Any advice on how to offset this? Thanks!
Matt says
Hi Haley, sorry your comment was caught up by the robots- basically you don’t cancel, you downgrade to fee free, keeping the relationship and credit line intact, but without paying.
William Charles says
> How is the average age of accounts (AAoA) calculated?
It depends on which score you’re talking about. Vantage Score doesn’t include closed accounts and FICO does.
Your best bet is to keep accounts open where ever possible (e.g downgrade to a no annual fee card). That being said, AAoA only makes up a small portion of the 15% of your FICO score which is titled “Credit History Length” what’s much more important is the age of your oldest account.
Nostradamuz says
There is a little mistake. The industry-specific FICO score ranges between 250 and 900, not 200-950.
Greg says
FYI Matt…
This ‘William Charles’ does not appear to be a real identity. His Google Plus profile states he is a UC Berkeley alum of the class of 2010. That’s not the case according to the alumni database. A basic search of other social media channels will find no trace of a match with a similar photo or background.

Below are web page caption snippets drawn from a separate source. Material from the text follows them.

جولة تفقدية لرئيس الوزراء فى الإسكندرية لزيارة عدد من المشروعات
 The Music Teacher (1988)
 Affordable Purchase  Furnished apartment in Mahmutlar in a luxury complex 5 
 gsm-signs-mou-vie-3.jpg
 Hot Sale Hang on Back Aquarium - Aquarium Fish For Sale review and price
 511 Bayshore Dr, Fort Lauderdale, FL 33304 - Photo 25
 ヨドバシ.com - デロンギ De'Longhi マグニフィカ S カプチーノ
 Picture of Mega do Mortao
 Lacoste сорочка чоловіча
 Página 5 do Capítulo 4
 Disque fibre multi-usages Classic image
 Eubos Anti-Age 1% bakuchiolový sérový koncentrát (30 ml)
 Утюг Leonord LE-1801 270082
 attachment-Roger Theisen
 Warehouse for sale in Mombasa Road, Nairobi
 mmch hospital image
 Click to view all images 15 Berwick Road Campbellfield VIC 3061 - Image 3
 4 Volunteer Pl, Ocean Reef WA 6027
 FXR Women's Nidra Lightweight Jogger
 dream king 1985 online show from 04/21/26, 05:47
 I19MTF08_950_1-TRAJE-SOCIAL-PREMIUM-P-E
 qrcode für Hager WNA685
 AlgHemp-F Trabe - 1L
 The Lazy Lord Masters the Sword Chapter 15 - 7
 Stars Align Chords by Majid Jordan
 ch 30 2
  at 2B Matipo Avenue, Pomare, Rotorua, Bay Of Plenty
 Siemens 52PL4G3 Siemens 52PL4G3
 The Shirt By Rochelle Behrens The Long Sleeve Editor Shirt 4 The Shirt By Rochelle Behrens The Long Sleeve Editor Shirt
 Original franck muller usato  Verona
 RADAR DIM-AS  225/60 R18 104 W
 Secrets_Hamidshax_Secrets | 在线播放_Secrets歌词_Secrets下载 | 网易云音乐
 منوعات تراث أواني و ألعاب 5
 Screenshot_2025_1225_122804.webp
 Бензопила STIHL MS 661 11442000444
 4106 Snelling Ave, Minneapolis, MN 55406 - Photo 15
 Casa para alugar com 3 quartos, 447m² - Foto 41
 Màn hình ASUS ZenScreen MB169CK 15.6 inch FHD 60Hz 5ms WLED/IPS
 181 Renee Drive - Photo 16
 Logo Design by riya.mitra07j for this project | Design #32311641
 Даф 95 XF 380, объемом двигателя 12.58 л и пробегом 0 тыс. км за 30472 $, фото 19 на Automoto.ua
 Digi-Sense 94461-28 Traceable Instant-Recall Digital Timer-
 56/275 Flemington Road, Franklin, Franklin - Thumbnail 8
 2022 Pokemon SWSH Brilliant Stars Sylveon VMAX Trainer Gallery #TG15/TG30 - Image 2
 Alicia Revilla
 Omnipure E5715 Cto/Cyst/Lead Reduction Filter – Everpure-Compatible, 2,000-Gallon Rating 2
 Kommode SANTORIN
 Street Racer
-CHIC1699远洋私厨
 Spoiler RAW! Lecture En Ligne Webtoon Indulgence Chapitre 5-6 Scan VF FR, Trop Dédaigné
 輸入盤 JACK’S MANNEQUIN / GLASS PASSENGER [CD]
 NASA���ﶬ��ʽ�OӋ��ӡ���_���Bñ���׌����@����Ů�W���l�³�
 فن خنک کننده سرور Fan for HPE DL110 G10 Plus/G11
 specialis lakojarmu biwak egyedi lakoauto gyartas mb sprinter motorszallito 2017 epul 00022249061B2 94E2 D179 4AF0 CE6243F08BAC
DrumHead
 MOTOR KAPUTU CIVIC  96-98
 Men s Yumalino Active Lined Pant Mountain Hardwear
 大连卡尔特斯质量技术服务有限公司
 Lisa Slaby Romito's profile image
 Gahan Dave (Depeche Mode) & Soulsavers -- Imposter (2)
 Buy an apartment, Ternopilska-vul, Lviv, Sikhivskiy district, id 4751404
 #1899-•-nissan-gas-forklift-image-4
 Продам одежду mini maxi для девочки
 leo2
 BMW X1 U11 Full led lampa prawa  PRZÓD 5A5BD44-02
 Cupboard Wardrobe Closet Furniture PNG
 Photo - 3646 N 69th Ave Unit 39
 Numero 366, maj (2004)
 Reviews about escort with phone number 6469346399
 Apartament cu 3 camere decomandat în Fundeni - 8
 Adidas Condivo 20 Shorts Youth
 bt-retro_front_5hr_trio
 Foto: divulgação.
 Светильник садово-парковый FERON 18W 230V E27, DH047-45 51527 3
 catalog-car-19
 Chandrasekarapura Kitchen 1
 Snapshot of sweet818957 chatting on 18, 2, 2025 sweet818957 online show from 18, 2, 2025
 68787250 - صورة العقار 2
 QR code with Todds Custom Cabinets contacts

https://plus.google.com/113366233656092090167/about
Instead, more likely an SEO gamer who is taking advantage of you and your good authority. Why he is not using his real identity is a question worth asking. I’m a FlyerTalk who has noticed him spamming places like Reddit.
William Charles says
You’re stalking skills are a bit creepy. Unfortunately I can’t blog full time, so I still have a day job. Because of my day job I’d rather my working name not be associated with the blog, thus the psuedoname.
Lisa says
That’s understandable. But your pic will give you away unless that’s not your pic either…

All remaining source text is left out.